Finding Motivation Through Understanding What You Are Fighting For
The desire to win can be fueled by what we are fighting for. The thing that fuels competitive motivations is often associated with what we believe is important. When the desire to win was related to our survival, then motivation often led to success. So an important way to harness competitive motivations is to create a “why” for your desire to win. This means finding something worth fighting for.
If we argue that the fuel for competitive motivations is no longer about survival, then what in reality keeps people motivated and provides us with the desire to win? The answer to this may be that our naturally occurring motivation has become transformed into a narrowly focused desire to win. This can often be referred to as competitive arousal.
What is Competitive Arousal?
Competitive arousal refers to a way of making decisions that is no longer focused on making the best decision but rather winning or over bidding others at all costs. The external elements that fuel this competitive arousal are things like rivalry and time pressure. The desire to win becomes heightened when rivalry and time pressure coincide.
Determining what you are fighting for can fuel competitive motivations by creating situations that include rivalry and time pressure. Are you competing for a job? Trying to outbid someone on an important item? Competing on getting a deal with a high value client?Or wanting to win at a sport? Whatever you are fighting for, adding head to head rivalry and time pressure might improve your desire to win.
The Downside of Competitive Arousal
It is important to note that competitive arousal can lead to poor decision making. When there is an especially high pressure, head-to-head game or rivalry, research has shown that people tend to make bolder, less thought out decisions. The pressure of a ticking clock can also make the desire to win overwhelming to the point of poor human decision processes.
Now combine head-to-head rivalry and time pressure. When rivalry and time pressure coincide, this has the potential to affect human decision processes by increasing psychological arousal and decreasing the ability to make reasoned judgements.

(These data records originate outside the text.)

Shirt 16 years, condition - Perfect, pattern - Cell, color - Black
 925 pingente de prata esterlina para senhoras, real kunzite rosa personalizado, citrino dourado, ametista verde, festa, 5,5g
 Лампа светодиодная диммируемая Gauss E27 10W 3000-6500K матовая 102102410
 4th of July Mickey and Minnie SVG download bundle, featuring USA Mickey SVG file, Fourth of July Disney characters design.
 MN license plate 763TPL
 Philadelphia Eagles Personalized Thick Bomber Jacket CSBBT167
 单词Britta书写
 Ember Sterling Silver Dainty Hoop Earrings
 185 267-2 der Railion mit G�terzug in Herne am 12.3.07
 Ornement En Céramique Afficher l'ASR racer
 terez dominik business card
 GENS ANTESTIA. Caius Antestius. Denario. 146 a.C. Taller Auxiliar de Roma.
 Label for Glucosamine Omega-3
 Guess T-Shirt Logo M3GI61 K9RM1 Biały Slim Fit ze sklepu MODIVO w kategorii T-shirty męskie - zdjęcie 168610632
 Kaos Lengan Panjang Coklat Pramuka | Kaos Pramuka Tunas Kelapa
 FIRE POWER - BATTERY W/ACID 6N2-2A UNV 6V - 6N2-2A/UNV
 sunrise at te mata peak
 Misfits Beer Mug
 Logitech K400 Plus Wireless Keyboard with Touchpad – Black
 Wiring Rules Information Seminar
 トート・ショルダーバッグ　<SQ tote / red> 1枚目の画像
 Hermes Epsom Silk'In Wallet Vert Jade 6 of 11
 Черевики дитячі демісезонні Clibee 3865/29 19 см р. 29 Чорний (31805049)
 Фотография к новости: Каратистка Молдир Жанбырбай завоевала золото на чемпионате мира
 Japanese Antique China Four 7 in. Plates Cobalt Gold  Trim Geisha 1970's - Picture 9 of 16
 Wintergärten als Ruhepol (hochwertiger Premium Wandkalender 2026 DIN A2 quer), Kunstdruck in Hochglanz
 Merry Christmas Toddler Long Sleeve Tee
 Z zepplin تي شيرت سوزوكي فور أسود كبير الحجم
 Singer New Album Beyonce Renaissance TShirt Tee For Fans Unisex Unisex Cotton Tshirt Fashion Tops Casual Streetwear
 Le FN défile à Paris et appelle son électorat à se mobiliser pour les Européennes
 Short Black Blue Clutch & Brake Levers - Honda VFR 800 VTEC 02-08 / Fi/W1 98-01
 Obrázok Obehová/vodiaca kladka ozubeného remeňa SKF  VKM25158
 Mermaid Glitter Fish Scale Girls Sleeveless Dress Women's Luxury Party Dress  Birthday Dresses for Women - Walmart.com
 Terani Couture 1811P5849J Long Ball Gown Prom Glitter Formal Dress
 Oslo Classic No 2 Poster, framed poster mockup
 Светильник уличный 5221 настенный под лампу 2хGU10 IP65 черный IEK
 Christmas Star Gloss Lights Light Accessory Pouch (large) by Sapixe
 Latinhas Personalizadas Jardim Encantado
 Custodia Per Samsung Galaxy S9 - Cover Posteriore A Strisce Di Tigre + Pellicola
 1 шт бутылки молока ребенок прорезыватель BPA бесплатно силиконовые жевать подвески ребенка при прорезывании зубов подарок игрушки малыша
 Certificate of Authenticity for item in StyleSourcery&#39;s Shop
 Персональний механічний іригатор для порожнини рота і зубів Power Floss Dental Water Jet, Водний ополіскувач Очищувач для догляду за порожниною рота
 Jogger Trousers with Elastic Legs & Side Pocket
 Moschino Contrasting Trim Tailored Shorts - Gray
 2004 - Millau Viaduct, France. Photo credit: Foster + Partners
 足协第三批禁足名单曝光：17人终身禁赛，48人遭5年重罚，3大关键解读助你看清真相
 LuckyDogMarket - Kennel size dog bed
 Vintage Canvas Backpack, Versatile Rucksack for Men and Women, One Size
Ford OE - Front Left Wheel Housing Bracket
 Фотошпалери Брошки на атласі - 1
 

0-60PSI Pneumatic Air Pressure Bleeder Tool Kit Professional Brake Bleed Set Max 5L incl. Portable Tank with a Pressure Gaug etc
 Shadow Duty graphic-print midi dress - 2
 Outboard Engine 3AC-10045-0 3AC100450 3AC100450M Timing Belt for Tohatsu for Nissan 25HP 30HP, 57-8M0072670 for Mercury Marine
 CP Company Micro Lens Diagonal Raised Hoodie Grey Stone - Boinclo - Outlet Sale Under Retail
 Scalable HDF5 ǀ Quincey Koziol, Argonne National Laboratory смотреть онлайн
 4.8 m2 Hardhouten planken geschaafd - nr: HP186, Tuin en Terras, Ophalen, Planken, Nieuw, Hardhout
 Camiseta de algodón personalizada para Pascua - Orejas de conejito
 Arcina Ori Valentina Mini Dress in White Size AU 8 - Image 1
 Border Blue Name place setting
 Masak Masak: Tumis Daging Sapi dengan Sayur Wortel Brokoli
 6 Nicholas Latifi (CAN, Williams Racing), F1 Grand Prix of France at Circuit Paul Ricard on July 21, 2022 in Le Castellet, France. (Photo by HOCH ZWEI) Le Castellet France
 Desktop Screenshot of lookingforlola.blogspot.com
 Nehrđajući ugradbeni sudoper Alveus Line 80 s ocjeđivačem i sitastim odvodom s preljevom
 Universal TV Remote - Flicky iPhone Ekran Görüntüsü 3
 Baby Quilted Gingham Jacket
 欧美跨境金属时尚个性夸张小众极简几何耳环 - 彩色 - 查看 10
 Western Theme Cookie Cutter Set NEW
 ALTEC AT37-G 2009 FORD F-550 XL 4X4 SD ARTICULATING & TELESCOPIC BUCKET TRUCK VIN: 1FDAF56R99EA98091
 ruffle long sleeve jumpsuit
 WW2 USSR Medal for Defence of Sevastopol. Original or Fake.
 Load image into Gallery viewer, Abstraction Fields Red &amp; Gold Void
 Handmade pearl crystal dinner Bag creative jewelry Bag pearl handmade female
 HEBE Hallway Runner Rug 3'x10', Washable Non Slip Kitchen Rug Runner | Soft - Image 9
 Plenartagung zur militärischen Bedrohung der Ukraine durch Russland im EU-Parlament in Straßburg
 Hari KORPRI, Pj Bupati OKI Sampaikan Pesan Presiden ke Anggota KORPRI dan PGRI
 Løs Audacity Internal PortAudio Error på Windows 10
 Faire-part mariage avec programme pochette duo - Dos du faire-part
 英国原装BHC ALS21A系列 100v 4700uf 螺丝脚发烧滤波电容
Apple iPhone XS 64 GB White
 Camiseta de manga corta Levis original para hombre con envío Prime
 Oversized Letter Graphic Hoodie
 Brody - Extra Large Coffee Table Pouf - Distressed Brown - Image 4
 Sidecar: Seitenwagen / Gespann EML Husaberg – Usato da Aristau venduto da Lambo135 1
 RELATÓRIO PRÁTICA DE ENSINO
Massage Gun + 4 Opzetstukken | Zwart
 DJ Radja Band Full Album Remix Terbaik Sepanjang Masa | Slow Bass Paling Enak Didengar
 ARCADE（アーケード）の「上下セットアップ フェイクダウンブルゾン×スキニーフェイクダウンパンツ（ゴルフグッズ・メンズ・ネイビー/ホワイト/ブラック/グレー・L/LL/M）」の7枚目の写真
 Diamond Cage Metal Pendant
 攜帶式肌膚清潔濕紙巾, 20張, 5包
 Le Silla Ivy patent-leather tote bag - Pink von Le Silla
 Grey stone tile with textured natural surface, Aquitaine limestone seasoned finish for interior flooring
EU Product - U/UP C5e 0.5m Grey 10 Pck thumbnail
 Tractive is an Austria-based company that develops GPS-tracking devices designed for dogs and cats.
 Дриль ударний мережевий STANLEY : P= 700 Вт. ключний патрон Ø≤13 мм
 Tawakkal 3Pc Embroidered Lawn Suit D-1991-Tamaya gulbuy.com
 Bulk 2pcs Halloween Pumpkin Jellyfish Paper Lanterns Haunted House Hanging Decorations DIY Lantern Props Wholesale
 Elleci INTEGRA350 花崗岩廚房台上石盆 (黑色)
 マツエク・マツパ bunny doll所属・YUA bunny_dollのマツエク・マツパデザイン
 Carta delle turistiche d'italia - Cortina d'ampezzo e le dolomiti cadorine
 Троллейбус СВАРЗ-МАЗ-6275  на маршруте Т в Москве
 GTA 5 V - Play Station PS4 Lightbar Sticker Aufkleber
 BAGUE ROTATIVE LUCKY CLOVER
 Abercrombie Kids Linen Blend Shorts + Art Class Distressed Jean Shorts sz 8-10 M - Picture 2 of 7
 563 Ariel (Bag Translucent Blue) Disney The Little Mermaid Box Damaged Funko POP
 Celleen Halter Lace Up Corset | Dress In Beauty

So how do you stop your competitive arousal from making poor decisions and costly errors? Learning to manage competitive arousal can help you harness that desire to win without making poor choices and costly mistakes.
Managing Competitive Arousal
Being able to harness your desire to win starts with managing your arousal level, especially when an audience, rivalry and time pressure coincide. The arousal we experience when we engage in situations can trigger our fight or flight response. This heightened response occurs when we’re under stress or anxiety. Your rational human decision processes get shut down as your body focuses on getting you out of the stressful situation.
So managing and harnessing competitive behavior and arousal starts with managing the fight or flight response. This can be done by practicing relaxation and deep breathing – or other techniques that a professional athlete uses – to calm down. This will help you to be able to think rationally.
Creating a Strategic Environment
Other ways of managing competitive arousal to harness the athlete within and desire to win, are to attempt to reduce time pressures, decrease the intensity of the moment of rivalry, and deflect the spotlight away. Of course, this does not mean completely avoid these situations because as previously mentioned, when rivalry and time pressure coincide that can fuel competitive motivations. But learning to manage and harness these situations can provide a strategic environment for winning.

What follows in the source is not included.